TASK ITEM:
Return the data below exactly as given, except for the images.

COLLECTED DATA Start Marker

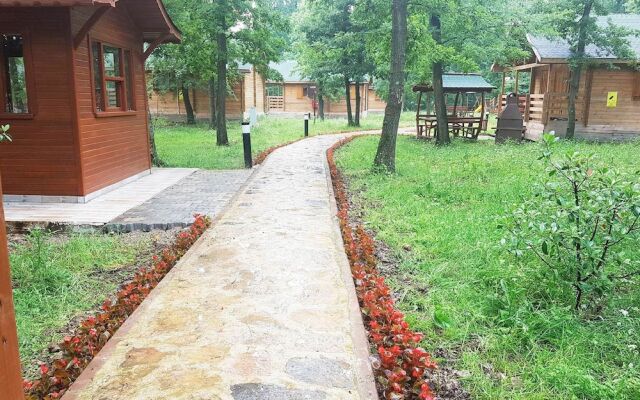 Sakarya Il Ormani Tabiat Parki Konaklama Evleri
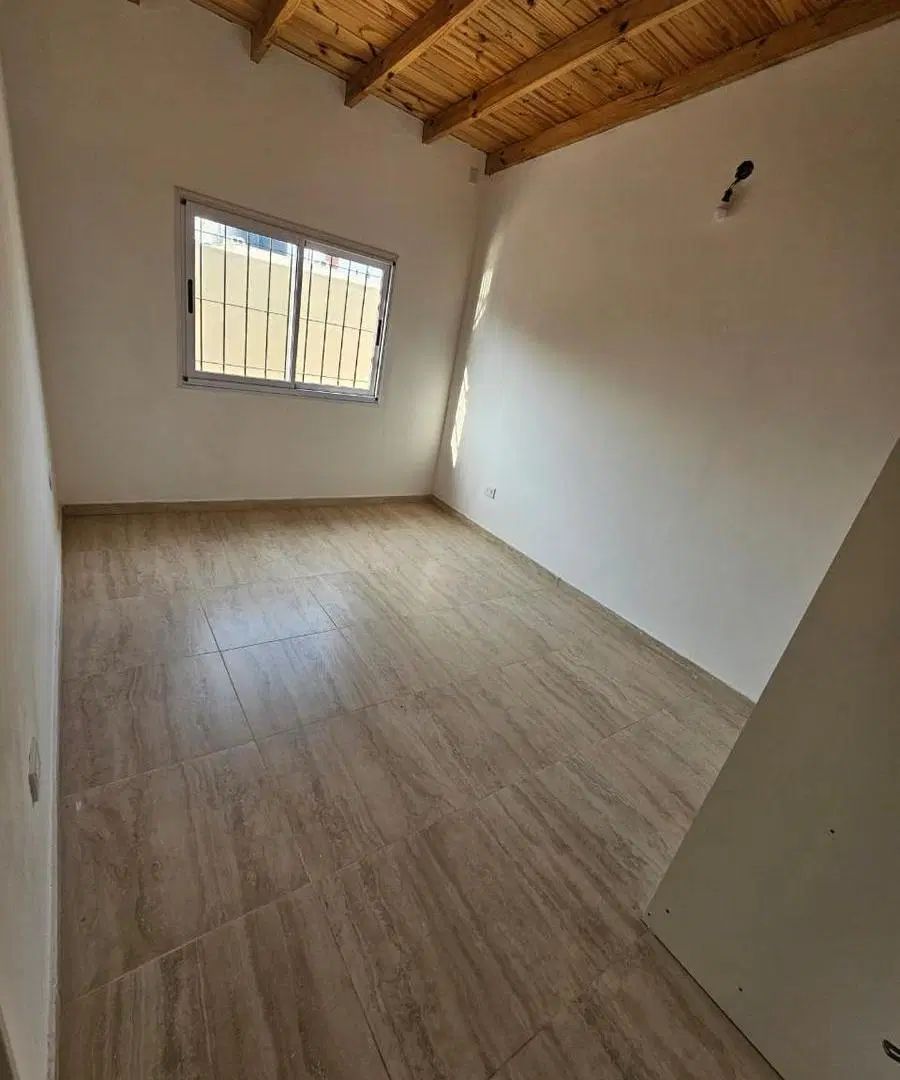 Departamento de 2 amb. a estrenar en alquiler en San Justo 5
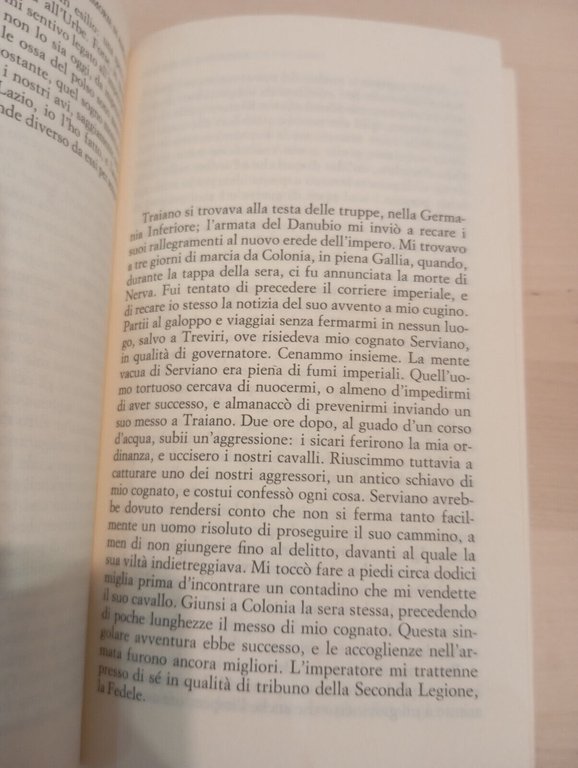 Lotto due libri Marguerite Yourcenar, Memorie Adriano, Pellegrina e straniera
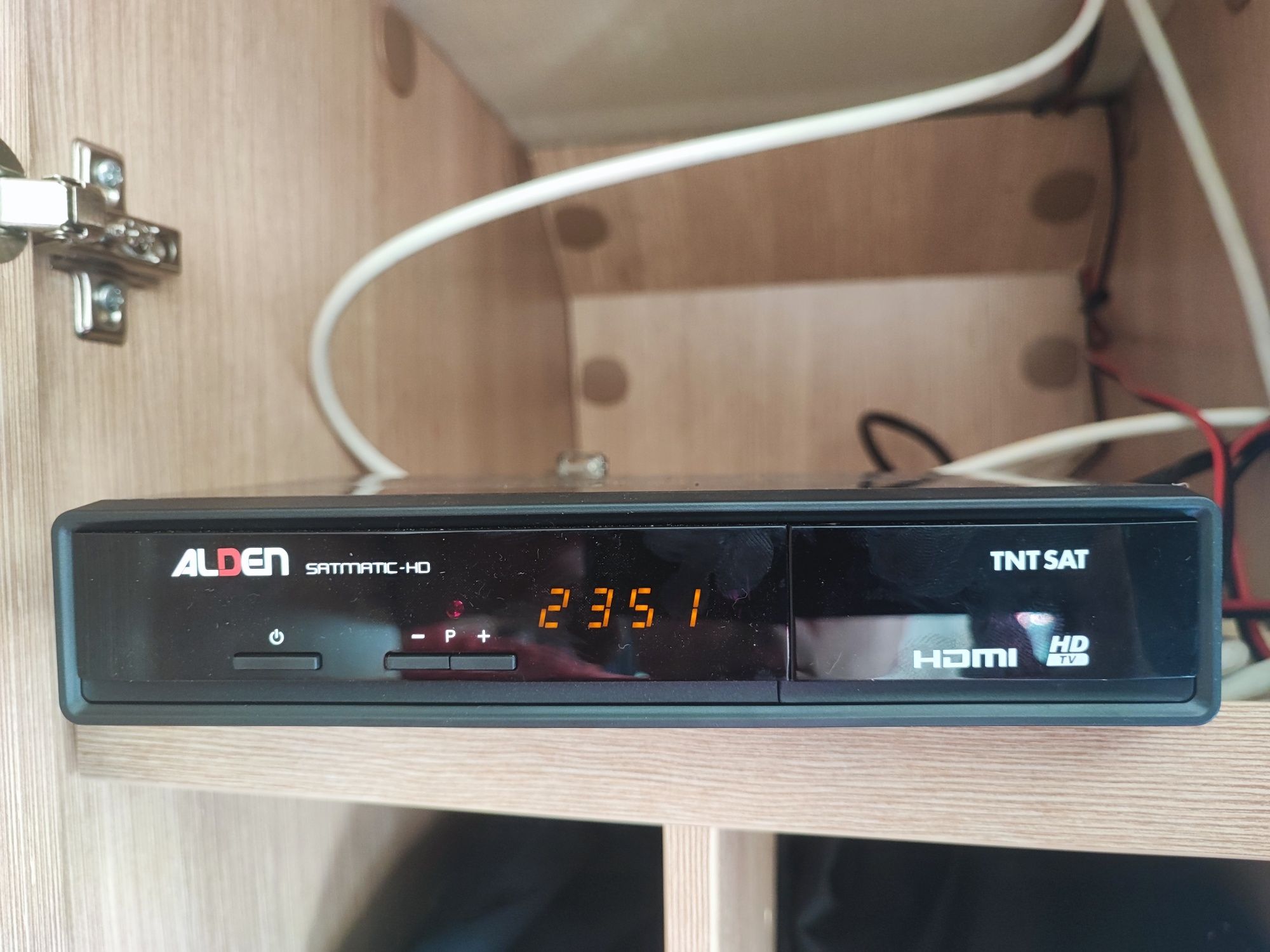 Antena satelitarna automatyczna ALDEN ONELIGHT 65 HD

COLLECTED DATA End Marker

SOLUTION TO THIS TASK:
 Sakarya Il Ormani Tabiat Parki Konaklama Evleri
 Departamento de 2 amb. a estrenar en alquiler en San Justo 5
 Lotto due libri Marguerite Yourcenar, Memorie Adriano, Pellegrina e straniera
 Antena satelitarna automatyczna ALDEN ONELIGHT 65 HD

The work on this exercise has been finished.